Bring a large pot of salted water to a boil. Add pasta and cook for about 7-8 minutes.
Drain, cool and set aside.
Preheat oven at 350 degrees.
Set aside some of the cheese to sprinkle on the top of the casserole before baking
Mix together milk, cauliflower puree, salt and egg. Add cooked pasta and stir.
Add the remaining cheese and stir.
Spray a baking pan with non-stick spray.
Fill pan with pasta mixture.

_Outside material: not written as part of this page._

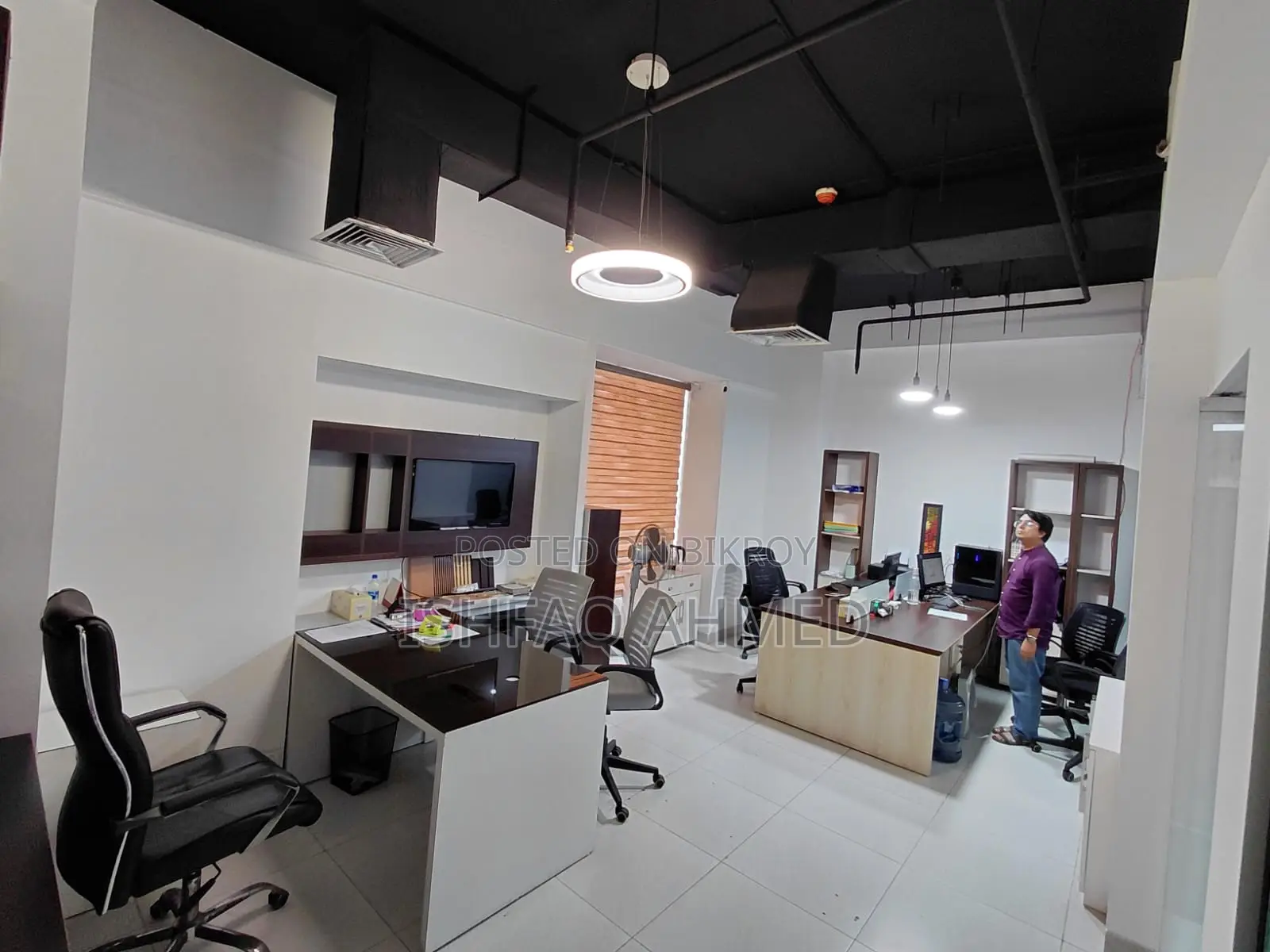 Commercial Shop For Rent — 293 Sft, Bti Premier Plaza, Badda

Sprinkle the top of the pasta mixture with cheese.
Bake for 30-35 minutes until golden brown.
Recipe for Cauliflower Purée for Our Light Cauli-Mac ‘n Cheese
TOOLS AND EQUIPMENT:
Pot with Cover
Food Processor or Blender
1 large head cauliflower, cut into florets
2 tablespoon butter or non-dairy alternative (Earth Balance is a great option)

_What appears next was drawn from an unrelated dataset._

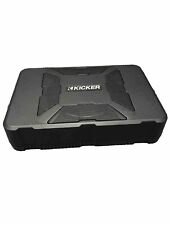 Kicker hideaway hs8 for sale  Knoxville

4 tablespoons water (from which it was steamed)
Salt & fresh ground pepper to taste
Steam cauliflower in a vegetable steamer over 2-3 inches of water, cover for about 12-15 minutes until very tender.
Drain the cooked cauliflower but reserve 4 tablespoons of the cooking water.
Add the cauliflower to a Food Processor or Blender with the reserved water, butter and salt & pepper.
Pulse and puree until smooth.
Makes about 4 cups of cauliflower puree. Use one cup and freeze the rest.